Node.js環境でも近年はESMがサポートされており、.mjs拡張子やpackage.json"type": "module"を指定することでimport/exportが使えます。新規プロジェクトではES Modulesの使用が推奨されており、既存のCommonJSとの相互運用も可能ですが、モジュールの種類を混在させる際には注意が必要です。

コードと解説

まずES Modulesの例として、モジュールを二つ用意し、一方で変数や関数をexportし、他方でimportして利用します(ブラウザ環境で実行する場合、<script type="module">タグ内で動作します)。

/*** utils.js - モジュールファイル ***/
export const pi = 3.14159;
export function circleArea(radius) {
    return pi * radius * radius;
}

/*** main.js - エントリポイント ***/
import { pi, circleArea } from "./utils.js";

console.log(pi);                // 3.14159
console.log(circleArea(5));     // 78.53975

// デフォルトエクスポートの例
// utils.js 側で: export default function greet() { ... }
// main.js 側で: import greet from "./utils.js";

次に、Node.jsで従来使われていたCommonJSの書き方の例を示します。requiremodule.exportsを用いて同様の機能を実現しています。

/*** utils.cjs ***/
const pi = 3.14159;
function circleArea(radius) {
    return pi * radius * radius;
}
// 複数の値をモジュールの外に公開
module.exports = { pi, circleArea };

/*** main.cjs ***/
const { pi, circleArea } = require("./utils.cjs");

console.log(pi);            // 3.14159
console.log(circleArea(5)); // 78.53975

解説: ES Modules形式では、utils.jsexportされた定数piや関数circleAreaを、main.js側でimportによって読み込んで使用しています。このとき、読み込む側ではimport { 名前 }で対応する名前を指定します。デフォルトエクスポートを使った場合(例ではコメントで記載)、import 任意の名前 from "..."という書式で読み込みます。ES Modulesではこれらimport文はファイル先頭で静的に記述され、モジュールを非同期にロードします。

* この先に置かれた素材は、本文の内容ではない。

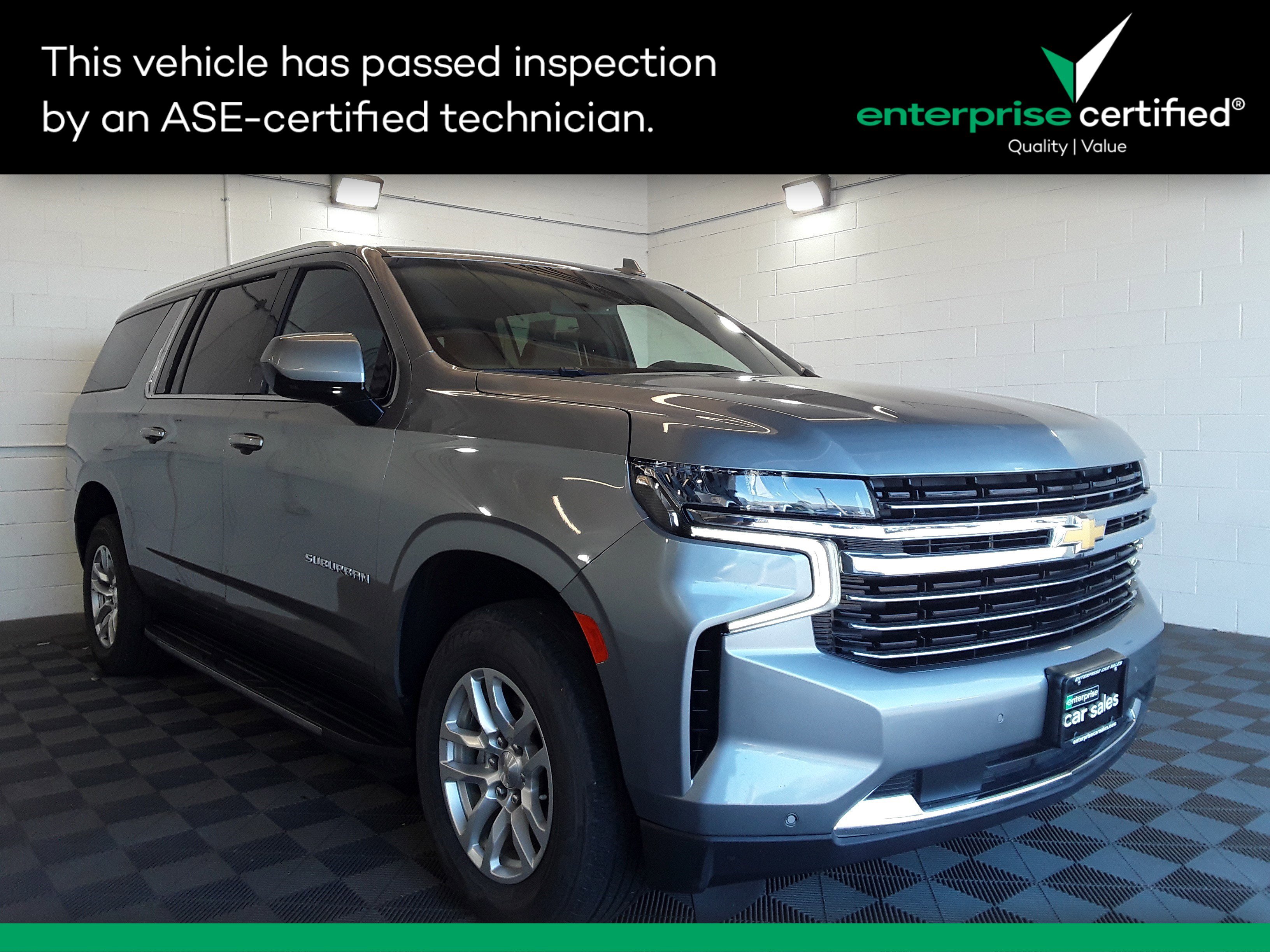 2023 Chevrolet Suburban 2WD 4dr LT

CommonJS形式では、utils.cjs側でmodule.exports = { pi, circleArea };とまとめてエクスポートし、main.cjs側でrequire("./utils.cjs")により同期的にモジュールをロードしています。CommonJSのrequireは関数呼び出しなので任意の場所で実行できる一方、ES Modulesのimportはファイルロード時に行われる点が異なります。また、上記の例では拡張子.cjsを使用していますが、Node.jsでESMを使う場合には.mjs拡張子にするか、package.jsonでモジュールタイプを指定する必要があります。

まとめると、

現在では多くの場合ES Modulesを使う方向に統一されつつありますが、Node.jsの既存環境や一部ツールではCommonJSが根強く残っています。両者の違いを理解しつつ、必要に応じて変換や互換性設定を行うことで、モダンなモジュール構成で開発を進めることができます。